Example. I have a user
Vuex data that I use like this in templates:
// Inside <template>
<button
v-if="!user.expiredInfo.isExpired"
</button>
// Inside <script>
data () {
return {
disable: this.user.expiredInfo.isExpired ? 'text-muted' : '',
}
}
I have an action that does this:
const state = {
user: {}
}
async logout ({ commit }) {
commit('SET_USER', {})
},
So there's an error when I logout:
TypeError: Cannot read property 'isExpired' of undefined
How to prevent this kind of problems?
You should set user
to null when there is no logged in user, instead of trying to circumvent such errors with an empty object. This means you'll always need to take into consideration the fact that the user may not actually be logged in at a certain point in the template where you would render some data from the (possibly nonexistent) user object.
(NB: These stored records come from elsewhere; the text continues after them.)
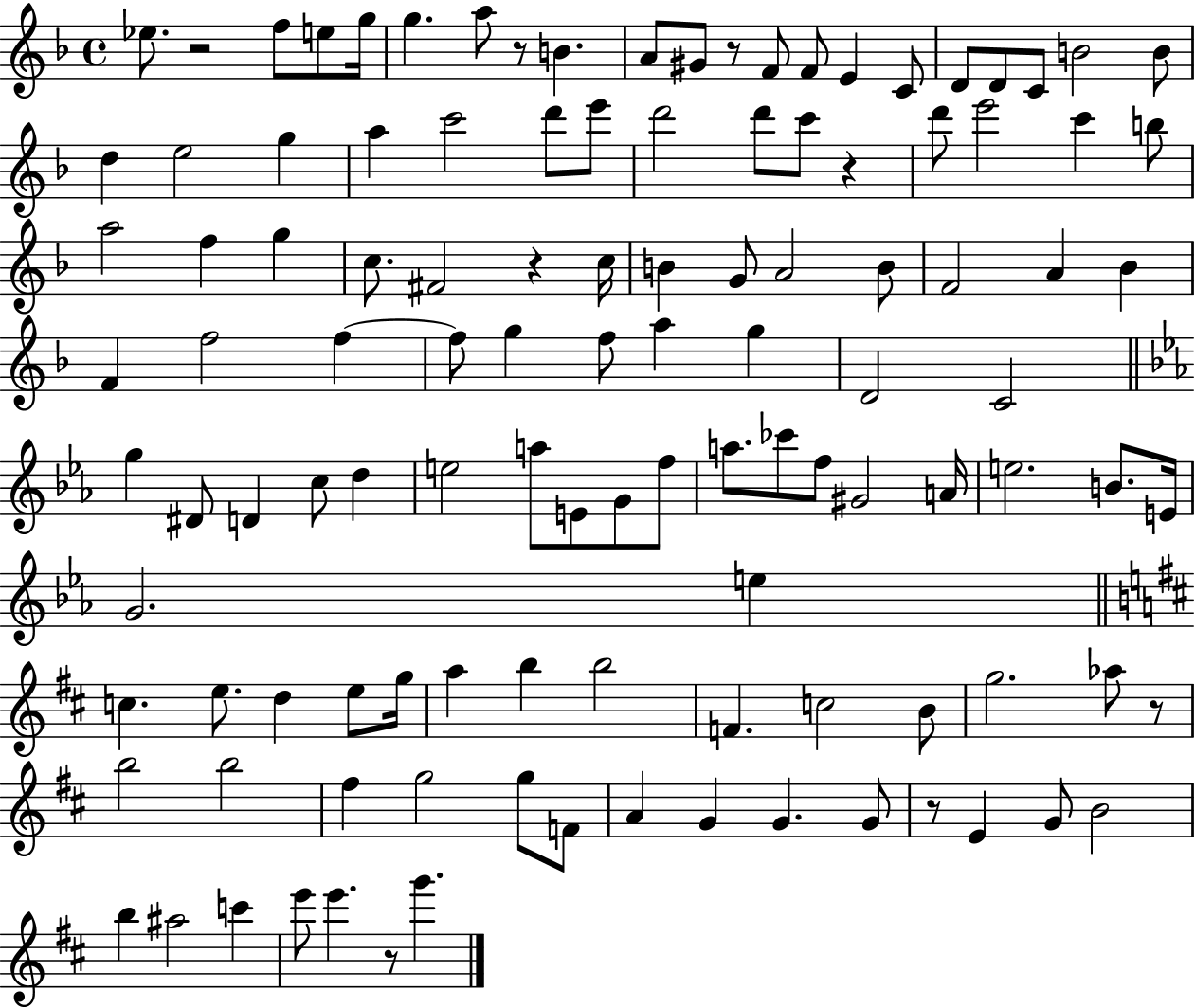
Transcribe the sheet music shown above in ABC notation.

X:1
T:Untitled
M:4/4
L:1/4
K:F
_e/2 z2 f/2 e/2 g/4 g a/2 z/2 B A/2 ^G/2 z/2 F/2 F/2 E C/2 D/2 D/2 C/2 B2 B/2 d e2 g a c'2 d'/2 e'/2 d'2 d'/2 c'/2 z d'/2 e'2 c' b/2 a2 f g c/2 ^F2 z c/4 B G/2 A2 B/2 F2 A _B F f2 f f/2 g f/2 a g D2 C2 g ^D/2 D c/2 d e2 a/2 E/2 G/2 f/2 a/2 _c'/2 f/2 ^G2 A/4 e2 B/2 E/4 G2 e c e/2 d e/2 g/4 a b b2 F c2 B/2 g2 _a/2 z/2 b2 b2 ^f g2 g/2 F/2 A G G G/2 z/2 E G/2 B2 b ^a2 c' e'/2 e' z/2 g'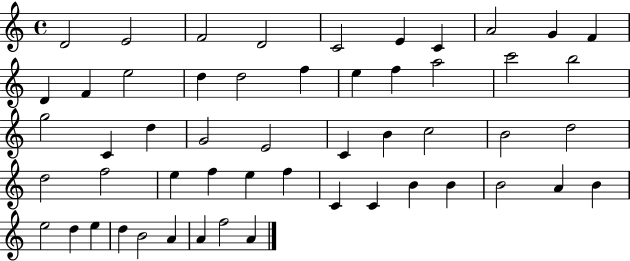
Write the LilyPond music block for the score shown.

{
  \clef treble
  \time 4/4
  \defaultTimeSignature
  \key c \major
  d'2 e'2 | f'2 d'2 | c'2 e'4 c'4 | a'2 g'4 f'4 | \break d'4 f'4 e''2 | d''4 d''2 f''4 | e''4 f''4 a''2 | c'''2 b''2 | \break g''2 c'4 d''4 | g'2 e'2 | c'4 b'4 c''2 | b'2 d''2 | \break d''2 f''2 | e''4 f''4 e''4 f''4 | c'4 c'4 b'4 b'4 | b'2 a'4 b'4 | \break e''2 d''4 e''4 | d''4 b'2 a'4 | a'4 f''2 a'4 | \bar "|."
}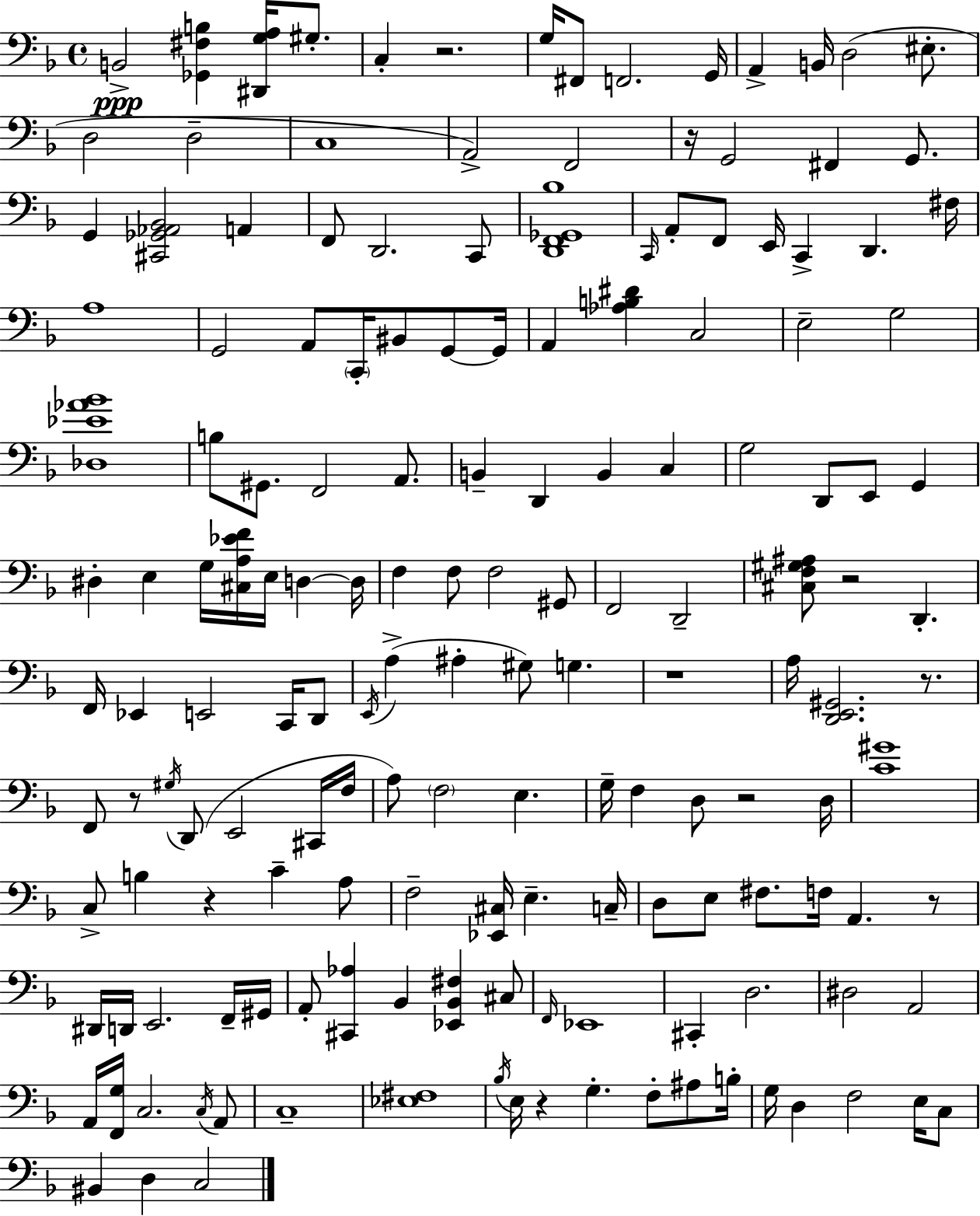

You can do things like this to avoid this kind of error (depending on the logic you want):
<button v-if="user && !user.expiredInfo.isExpired"></button>
<button v-if="!user || !user.expiredInfo.isExpired"></button>
Or if you have a lot of logged-in-specific templates, something like this:
<template v-if="user">
<!-- It's safe to access properties of the user object anywhere in here -->
</template>
Never assume that this.user
will always be non-null (unless that is an invariant you have enforced).